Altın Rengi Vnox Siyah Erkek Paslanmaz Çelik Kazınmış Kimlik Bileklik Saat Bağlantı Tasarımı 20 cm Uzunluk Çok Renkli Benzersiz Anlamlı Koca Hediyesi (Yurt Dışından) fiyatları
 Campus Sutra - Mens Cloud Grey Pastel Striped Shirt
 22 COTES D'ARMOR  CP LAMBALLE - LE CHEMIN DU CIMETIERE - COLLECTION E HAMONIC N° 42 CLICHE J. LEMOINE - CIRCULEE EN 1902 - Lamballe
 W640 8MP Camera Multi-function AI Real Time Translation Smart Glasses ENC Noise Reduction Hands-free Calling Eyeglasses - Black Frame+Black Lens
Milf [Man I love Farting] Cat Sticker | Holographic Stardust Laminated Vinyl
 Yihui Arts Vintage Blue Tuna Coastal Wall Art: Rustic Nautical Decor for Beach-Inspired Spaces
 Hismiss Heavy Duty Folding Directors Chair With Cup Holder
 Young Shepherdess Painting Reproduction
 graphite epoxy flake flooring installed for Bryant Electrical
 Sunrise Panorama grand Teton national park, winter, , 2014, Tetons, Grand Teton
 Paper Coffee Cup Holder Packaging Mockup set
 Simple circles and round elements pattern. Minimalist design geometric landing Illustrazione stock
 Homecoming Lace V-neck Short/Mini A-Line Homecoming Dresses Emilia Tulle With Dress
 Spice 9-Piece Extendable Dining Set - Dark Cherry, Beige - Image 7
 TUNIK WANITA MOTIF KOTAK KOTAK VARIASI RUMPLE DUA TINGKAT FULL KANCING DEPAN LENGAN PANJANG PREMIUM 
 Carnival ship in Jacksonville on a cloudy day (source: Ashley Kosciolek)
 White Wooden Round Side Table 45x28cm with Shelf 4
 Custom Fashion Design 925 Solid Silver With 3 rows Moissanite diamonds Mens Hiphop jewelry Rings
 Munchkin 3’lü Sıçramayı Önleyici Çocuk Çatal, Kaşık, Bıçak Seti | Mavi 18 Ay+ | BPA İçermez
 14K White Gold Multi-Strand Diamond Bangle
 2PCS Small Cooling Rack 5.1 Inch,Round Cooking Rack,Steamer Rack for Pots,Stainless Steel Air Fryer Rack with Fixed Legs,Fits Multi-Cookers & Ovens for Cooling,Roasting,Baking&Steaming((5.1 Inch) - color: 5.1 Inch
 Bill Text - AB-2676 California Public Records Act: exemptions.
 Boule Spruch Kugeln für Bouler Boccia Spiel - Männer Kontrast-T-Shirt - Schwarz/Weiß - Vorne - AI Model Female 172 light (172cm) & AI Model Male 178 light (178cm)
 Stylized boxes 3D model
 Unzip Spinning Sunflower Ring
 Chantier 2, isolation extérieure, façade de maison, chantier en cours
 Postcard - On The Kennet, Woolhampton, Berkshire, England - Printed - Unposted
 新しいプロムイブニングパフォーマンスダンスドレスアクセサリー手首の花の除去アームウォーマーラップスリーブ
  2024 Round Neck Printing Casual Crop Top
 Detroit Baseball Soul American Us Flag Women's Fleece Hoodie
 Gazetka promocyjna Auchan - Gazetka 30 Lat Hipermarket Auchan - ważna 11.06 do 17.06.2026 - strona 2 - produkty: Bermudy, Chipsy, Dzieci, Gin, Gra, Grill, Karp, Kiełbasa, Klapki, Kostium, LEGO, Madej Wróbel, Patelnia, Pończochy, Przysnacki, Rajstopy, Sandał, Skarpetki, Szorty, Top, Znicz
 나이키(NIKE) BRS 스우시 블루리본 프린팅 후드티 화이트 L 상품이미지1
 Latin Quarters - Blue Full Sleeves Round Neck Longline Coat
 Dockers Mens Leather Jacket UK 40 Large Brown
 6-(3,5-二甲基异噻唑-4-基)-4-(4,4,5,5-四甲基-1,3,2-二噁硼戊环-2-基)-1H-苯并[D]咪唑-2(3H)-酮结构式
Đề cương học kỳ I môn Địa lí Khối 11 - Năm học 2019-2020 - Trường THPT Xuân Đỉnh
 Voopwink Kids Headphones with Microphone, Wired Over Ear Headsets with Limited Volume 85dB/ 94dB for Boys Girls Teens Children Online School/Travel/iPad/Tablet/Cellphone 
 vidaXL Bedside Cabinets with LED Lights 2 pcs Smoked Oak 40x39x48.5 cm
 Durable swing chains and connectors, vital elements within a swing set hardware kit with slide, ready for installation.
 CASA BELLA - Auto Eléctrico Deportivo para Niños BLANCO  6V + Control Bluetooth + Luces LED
-=-=-
PROBLEM STATEMENT → From the records above, repeat exactly the lines from the one with "新しいプロムイブニングパフォ" through the one with "나이키(NIKE) BRS 스우시 블루리본 프린팅 후드티 화이트 L 상품이미지1", both included.

THE ANSWER →
 新しいプロムイブニングパフォーマンスダンスドレスアクセサリー手首の花の除去アームウォーマーラップスリーブ
  2024 Round Neck Printing Casual Crop Top
 Detroit Baseball Soul American Us Flag Women's Fleece Hoodie
 Gazetka promocyjna Auchan - Gazetka 30 Lat Hipermarket Auchan - ważna 11.06 do 17.06.2026 - strona 2 - produkty: Bermudy, Chipsy, Dzieci, Gin, Gra, Grill, Karp, Kiełbasa, Klapki, Kostium, LEGO, Madej Wróbel, Patelnia, Pończochy, Przysnacki, Rajstopy, Sandał, Skarpetki, Szorty, Top, Znicz
 나이키(NIKE) BRS 스우시 블루리본 프린팅 후드티 화이트 L 상품이미지1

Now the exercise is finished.